What is being asked: Please reproduce the final stretch of the listing below: the line that contains "The emerald is" and all lines after it, verbatim, with nothing else.

Available data:
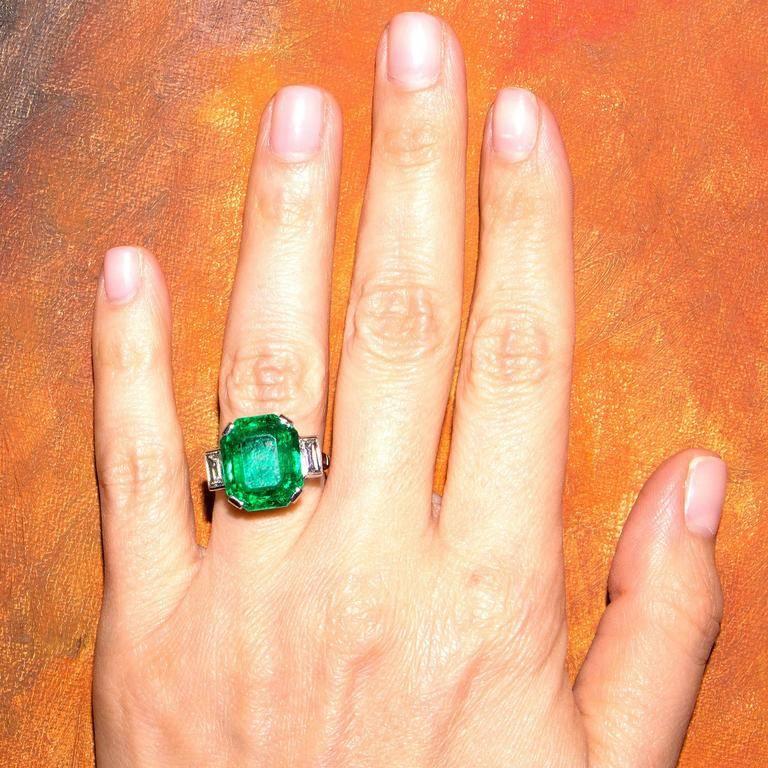 A Colombian emerald of exceptional color and brilliance. 
The emerald is set in a diamond platinum ring which perfectly displays its beauty. The emerald weighs 10.03 carats and is certified by AGL as natural Colombian.

For thousands of years,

Response box:
The emerald is set in a diamond platinum ring which perfectly displays its beauty. The emerald weighs 10.03 carats and is certified by AGL as natural Colombian.

For thousands of years,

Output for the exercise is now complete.